[Task prompt] Give back the records below verbatim, please, but without a single image.
•••••
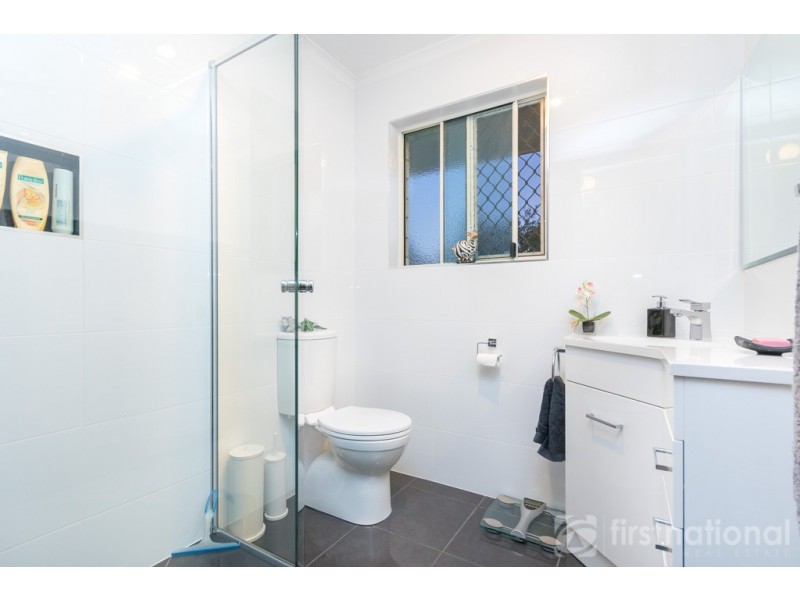 4 Edwin Drive, Landsborough QLD 4550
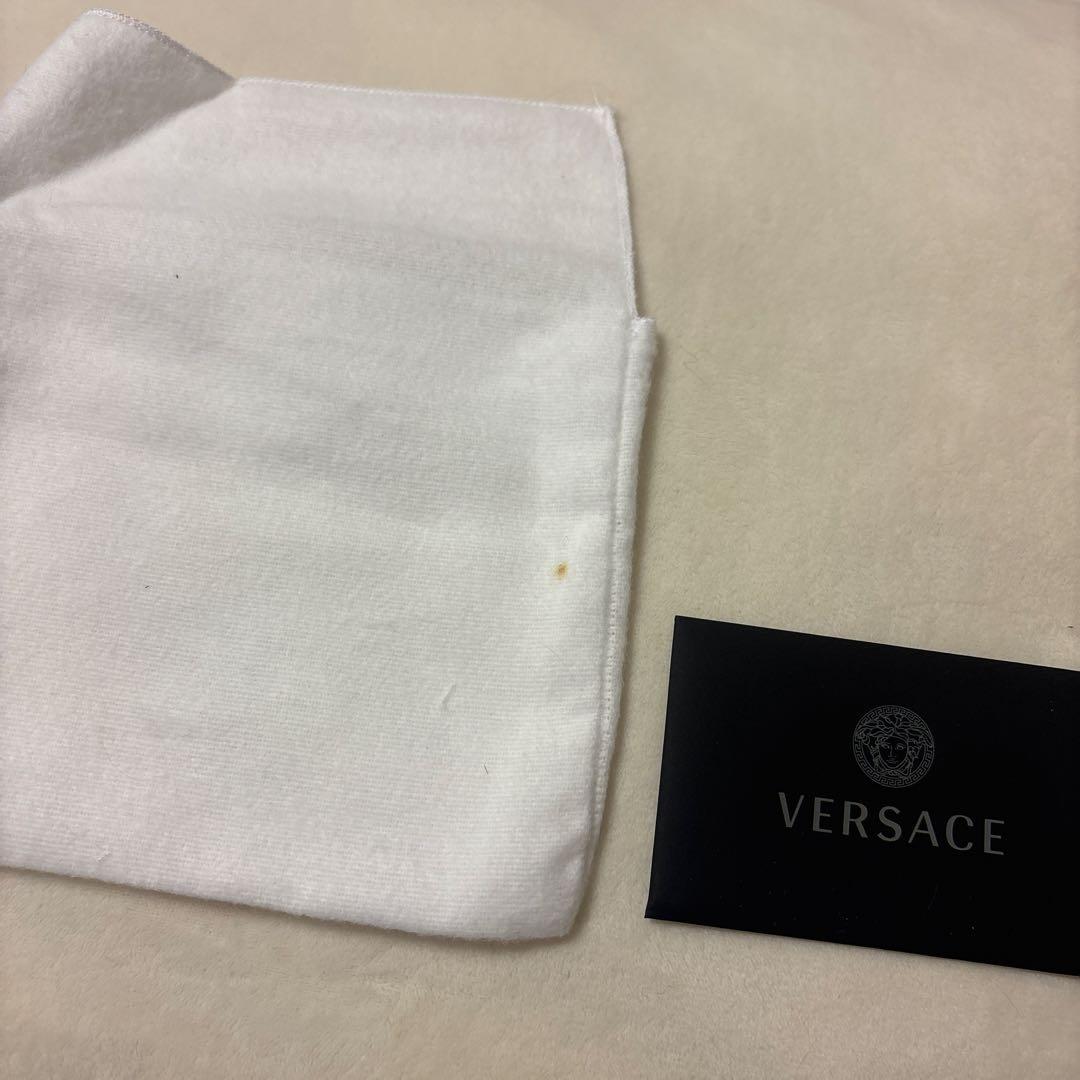 VERSACE 黒 キルティング 二つ折り財布　箱付き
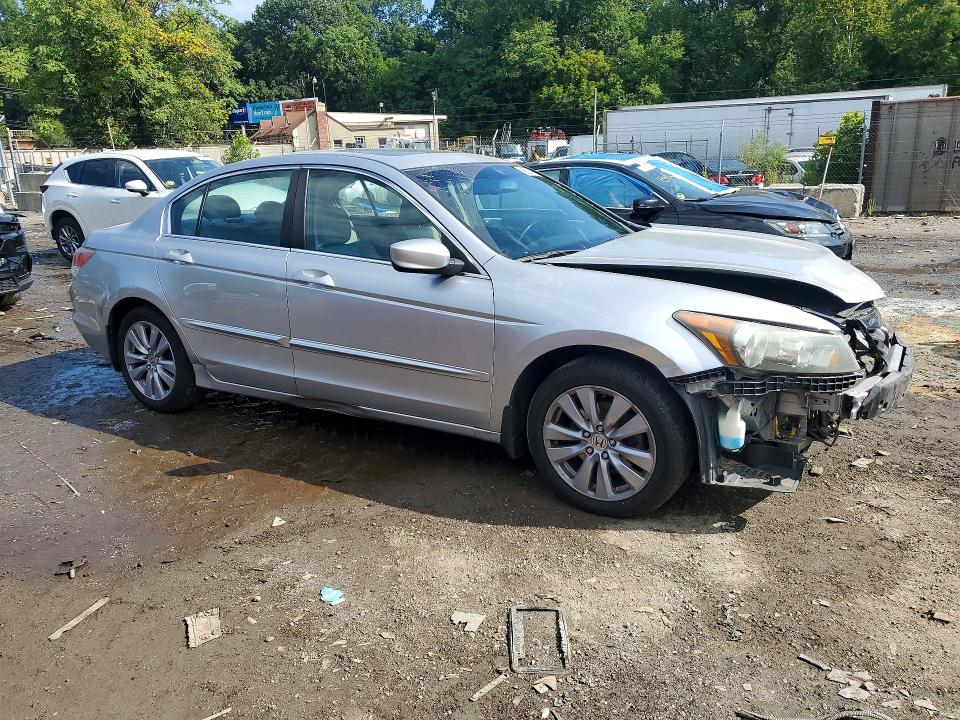 Photo 4 from auction – 2011 HONDA ACCORD with VIN 1HGCP2F88BA059846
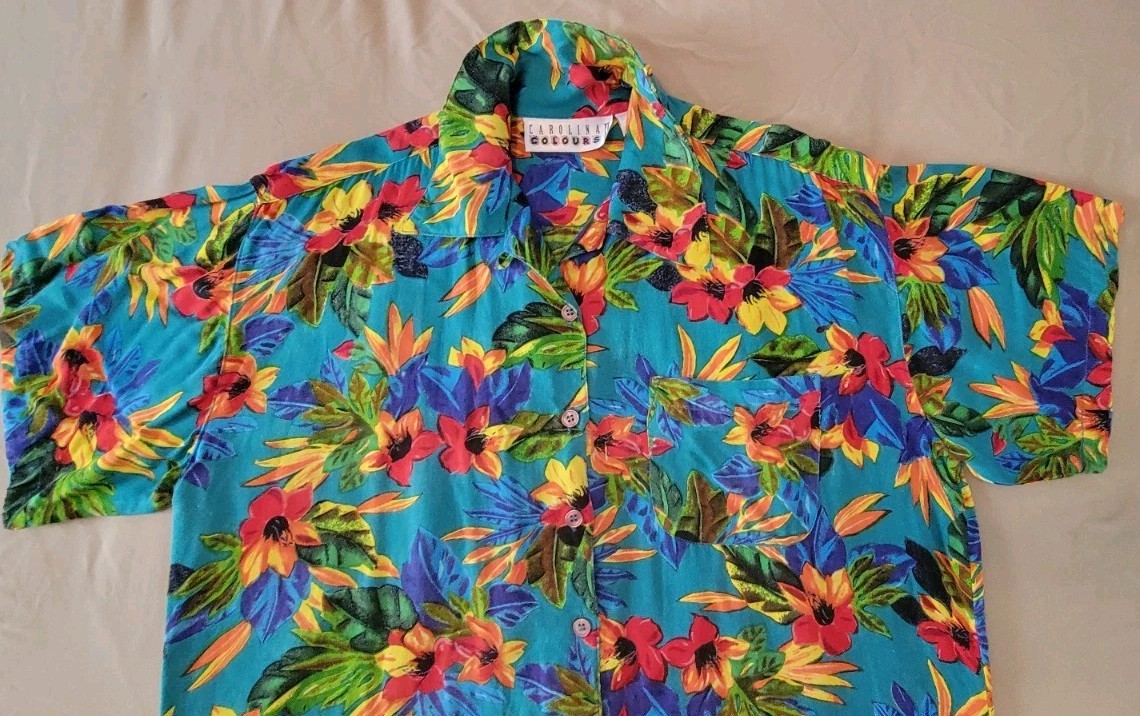 1990s Vintage Carolina Colours Button Up Blouse Hawaiian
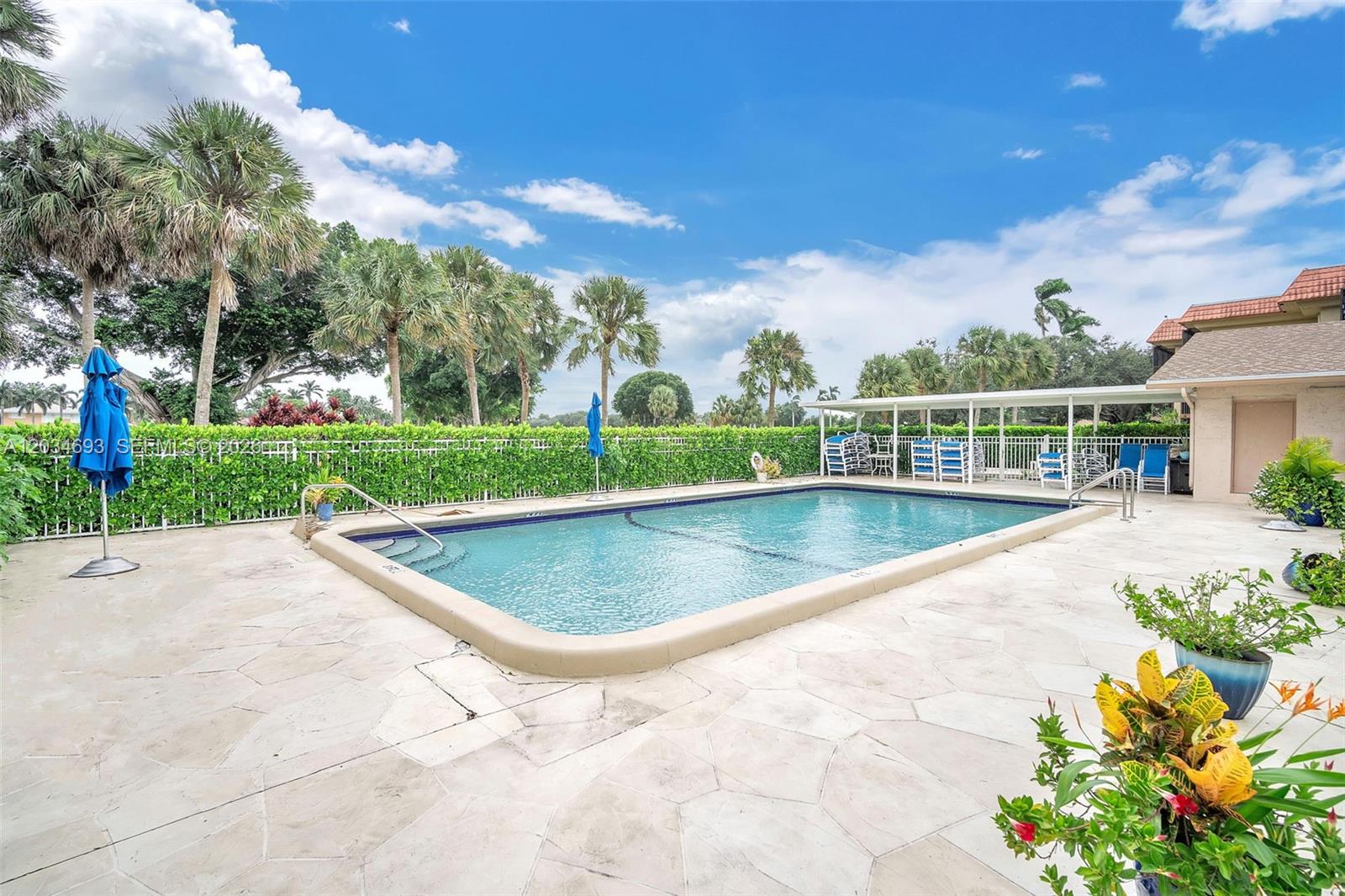 Residential in Plantation 2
•••••
[Output for this task]
 4 Edwin Drive, Landsborough QLD 4550
 VERSACE 黒 キルティング 二つ折り財布　箱付き
 Photo 4 from auction – 2011 HONDA ACCORD with VIN 1HGCP2F88BA059846
 1990s Vintage Carolina Colours Button Up Blouse Hawaiian
 Residential in Plantation 2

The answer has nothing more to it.